Deduplication
Content-Defined Deduplication
DodaZIP’s killer feature is content-defined deduplication — the ability to store identical chunks of data only once, even if they appear in different files.
How It Works
DodaZIP uses FastCDC (Fast Content-Defined Chunking), a rolling hash algorithm that splits files into variable-sized chunks at content-defined boundaries. This means:
- Chunk boundaries depend on content, not file offsets. Adding a byte at the start of a file only shifts the first chunk boundary — the rest of the chunks remain identical.
- Identical chunks are detected across files. If two files contain the same data (e.g., shared libraries, repeated log entries, duplicate blocks in VM images), those chunks are stored once.
- Sub-file deduplication. Unlike file-level dedup, FastCDC catches redundancy even within a single file (e.g., repeated sections, embedded resources).
The Chunk Table
The chunk table is a hash map from BLAKE3 hash → chunk metadata:
{
"chunks": [
{
"hash": "b3a1f2...",
"offset": 4096,
"compressed_size": 2048,
"uncompressed_size": 8192,
"codec": "zstd",
"refcount": 3
}
],
"files": [
{
"path": "backup-2024-01-01.sql",
"chunks": ["b3a1f2...", "c7d8e9..."]
}
]
}When Dedup Shines
| Scenario | Typical Savings |
|---|---|
| VM images (multiple snapshots) | 80–95% |
| Source code repositories | 50–70% |
| Database backups (daily dumps) | 90–99% |
| Log files with repeated entries | 60–80% |
| Mixed binary/text collections | 30–50% |
Limitations
- Deduplication is memory-intensive for large archives. The chunk table must fit in RAM during compression. For archives with billions of chunks, DodaZIP provides a streaming mode with bounded memory usage.

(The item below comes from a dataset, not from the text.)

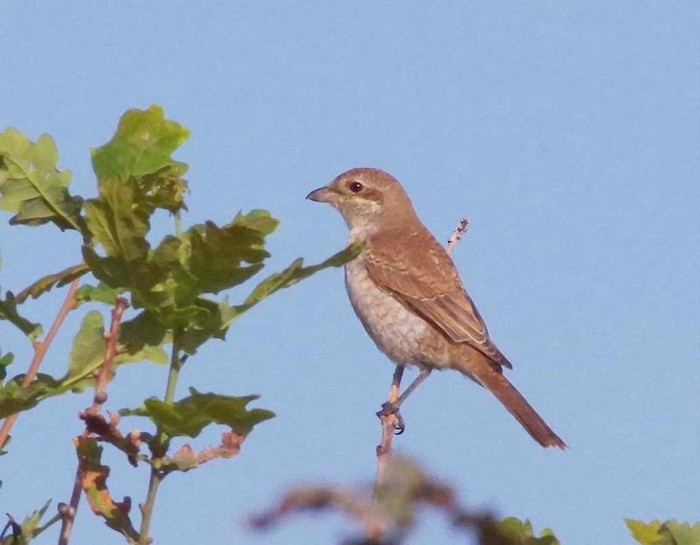 Red-backed Shrike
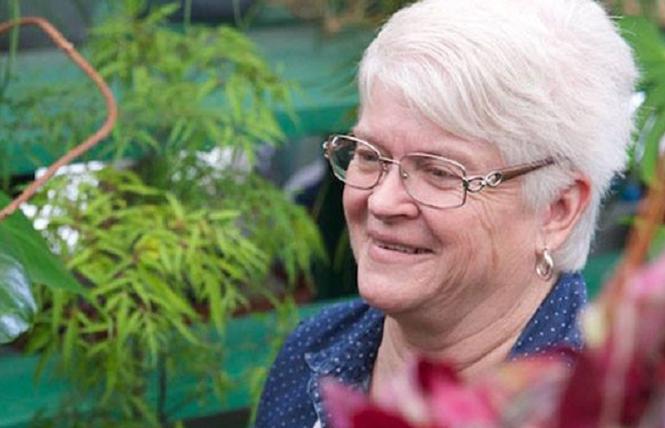 Barronelle Stutzman, the owner of Arlene's Flowers in Washington, is expected to appeal her case to the U.S. Supreme Court.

- Dedup does not help with already-compressed data. Compressed files (JPEG, MP4, ZIP) have high entropy and few duplicate chunks. DodaZIP detects this automatically and skips dedup for incompressible content.
Verification
Every chunk is verified by BLAKE3 hash on extraction. If ECC is enabled, corrupted chunks can be repaired automatically.